There does come a point when rust removal has to switch over into replacing car parts. Generally, when rust has eaten away at parts, leaving holes in it, it’s more feasible to replace parts than repair them.

Touching Up the Paint Job On Your Car

Over the years, one of the most visible things that may need to be touched up on one of these vehicles is the paint job. If you are taking this job on, there are a few things that you’ll need to know.

The first suggestion from most professionals is to make sure you take care of any dents or dings in your car before bringing paint anywhere near it. This way, you don’t have to worry about the paint job looking odd or being uneven when you fix these details.

Citroën professionals recommend only taking it on if you have the right equipment and space. This is because it requires some more complicated steps than a touch-up. For instance, you’ll need to strip the original color before painting and the prime, rub down the car, and add on the top coat and lacquer for a “new car” shine. Then, you’ll need to rub it down again and buff and polish it.

If you only need to do a few touch-ups, the process is much simpler. You’ll still want to follow the same steps, but the process won’t be as arduous as completing a full job.

To rub down your car, you’ll need the right sander. The sandpaper itself needs to be fine but there are tools that can make your life easier. You can check out your best options for belt sanders at

Polishing Glass

One of the most obvious things on old cars aside from the paint job is cloudy windows.

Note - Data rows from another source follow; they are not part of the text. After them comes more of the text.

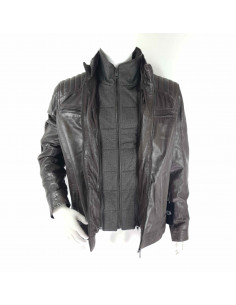 Veste en Cuir Marron avec... 2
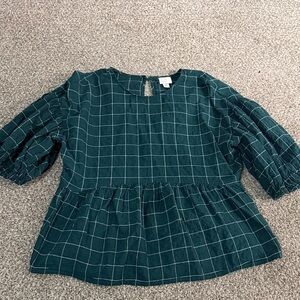 a new day Green Checkered Blouse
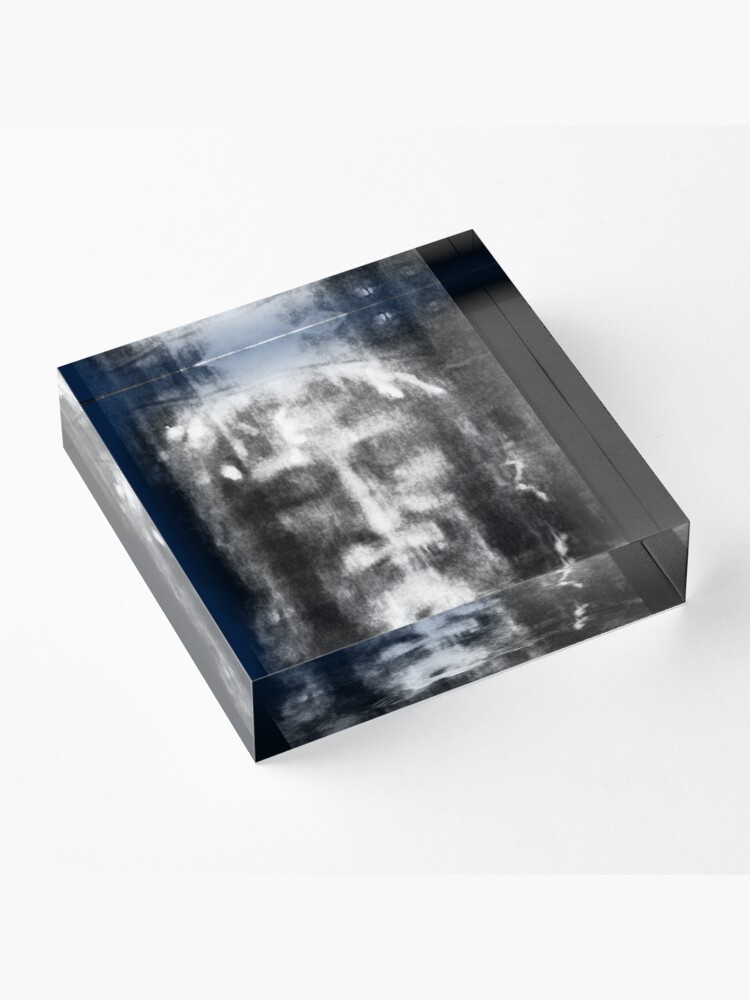 Alternate view of Shroud of Turin. Turin Shroud. Christianity, Christian, Icon, Bible, Biblical, Resurrection. Acrylic Block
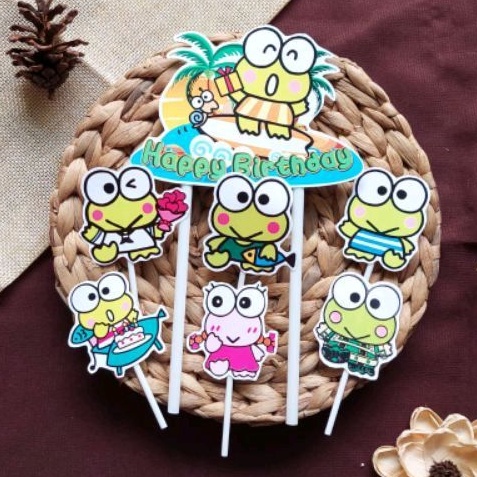 1 set topper toper hiasan tusukan kue cake nasi tumpeng ulang tahun happy birthday karakter kero ker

This doesn’t necessarily mean that you have to replace parts like the windshield, though. Before giving up on your glass, try polishing the glass and see if it will retain its original clarity. Of course, this isn’t an option if the glass is already broken or cracked – especially the windshield.

Cloudy Lenses

Unfortunately, the way tail lenses and side markers are designed on most Citroens makes them borderline impossible to polish. In this case, finding decent shape replacement lenses or NOS parts is pretty much the only reasonable way to deal with this problem.

Spray Silicone on Door Seals – Not a Good Idea

You might notice that when you open and close doors that they bind or squeak. A common default on many cars is a silicone seal that wears over time. With that being said, spraying silicone on Citroën door seals is a big NO.

Specifically, spraying silicone on the Traction Avant and 2CV models will cause the rubber to warp and relax. On the DS and SM Citroen models, the silicone will affect the glass contact and cause even greater problems (like marks on the glass which can eventually lead to greater wind noise). This happens because both the DS and SM models have pillar-less window frames.

Refurbishing your own Citroën car will be a big job. However, you don’t have to go into it blind. While the exact steps for restoration of Citroën cars differs from model to model, with this guide, you’ll be able to get your project started.


    1. For door seals and also windshield wiper blades, just clean them with soapy water without exerting much pressure on the rubber edges. On the door seals, once dry, brush a light dusting of talcum powder. Be sure to use talcum powder and not the corn starch formula talcs widely available on the market now. Just look on the packaging. If the door seals are old and dry, wiping a bit of vegetable oil on them may help in softening them up, but most likely they should be replaced.

  1. Belt sanders for amateur paint touch up? Might as well just use your sandblaster to clean the windows! And taking all the original paint down to metal before a repaint? I’ve only done a few cars, but I’d suggest as step one, to buy a couple of books on basic bodywork, and add in a few YouTube videos. And plan on spending more than ‘a few hours’ on anything that involves more than a little brush and touch up lacquer.
    That said, it is certainly possible for almost anyone to halt the ravages of time and salt and produce reasonably smooth and shiny paint. But leave the belt sander in the wood shop.